**What is required**.
Only the lines from the one containing "Jack White - Masonic" through the end of the data are wanted, reproduced exactly and without pictures.

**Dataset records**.
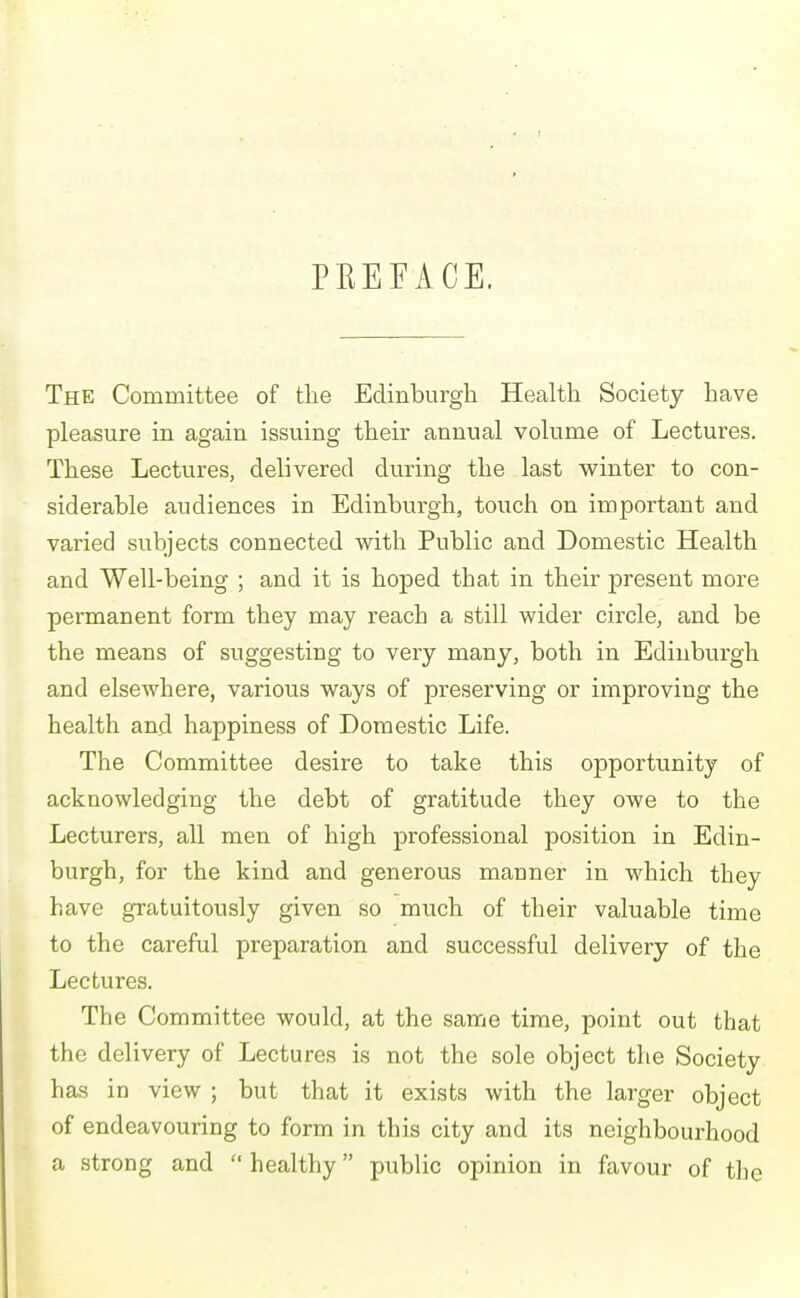 PREFACE. The Committee of the Edinburgh Health Society have pleasure in again issuing their annual volume of Lectures. These Lectures, delivered during the last winter to con- siderable audiences in Edinburgh, touch on important and varied subjects connected with Public and Domestic Health and Well-being ; and it is hoped that in their present more permanent form they may reach a still wider circle, and be the means of suggesting to very many, both in Edinburgh and elsewhere, various ways of preserving or improving the health and happiness of Domestic Life. The Committee desire to take this opportunity of acknowledging the debt of gratitude they owe to the Lecturers, all men of high professional position in Edin- burgh, for the kind and generous manner in which they have gratuitously given so much of their valuable time to the careful preparation and successful delivery of the Lectures. The Committee would, at the same time, point out that the delivery of Lectures is not the sole object the Society has in view ; but that it exists with the larger object of endeavouring to form in this city and its neighbourhood a strong and  healthy public opinion in favour of the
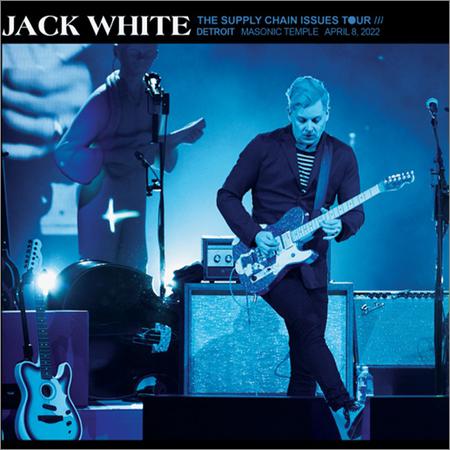 Jack White - Masonic Temple Theatre, Detroit, MI Apr 8 (2CD) (2022)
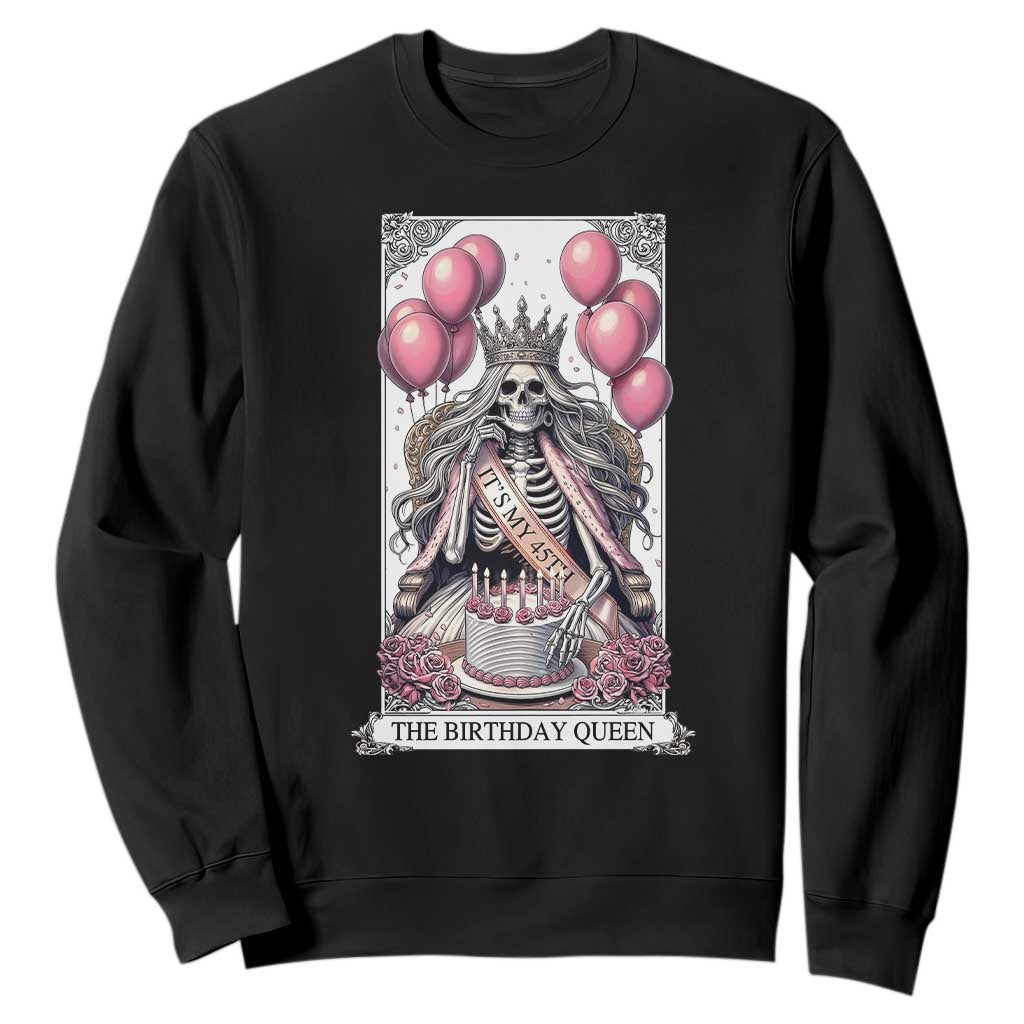Funny 45th Birthday Queen Tarot Card Sweatshirt Gothic Skeleton Dark Humor Gift TS12 Black Print Your Wear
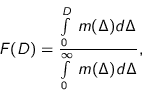 \begin{displaymath}
F(D) = \frac{ \int\limits_{0}^{D} \; m(\Delta) d\Delta }{ \int\limits_{0}^{\infty} \; m(\Delta) d\Delta },
\end{displaymath}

**Output**.
 Jack White - Masonic Temple Theatre, Detroit, MI Apr 8 (2CD) (2022)
Funny 45th Birthday Queen Tarot Card Sweatshirt Gothic Skeleton Dark Humor Gift TS12 Black Print Your Wear
 \begin{displaymath}
F(D) = \frac{ \int\limits_{0}^{D} \; m(\Delta) d\Delta }{ \int\limits_{0}^{\infty} \; m(\Delta) d\Delta },
\end{displaymath}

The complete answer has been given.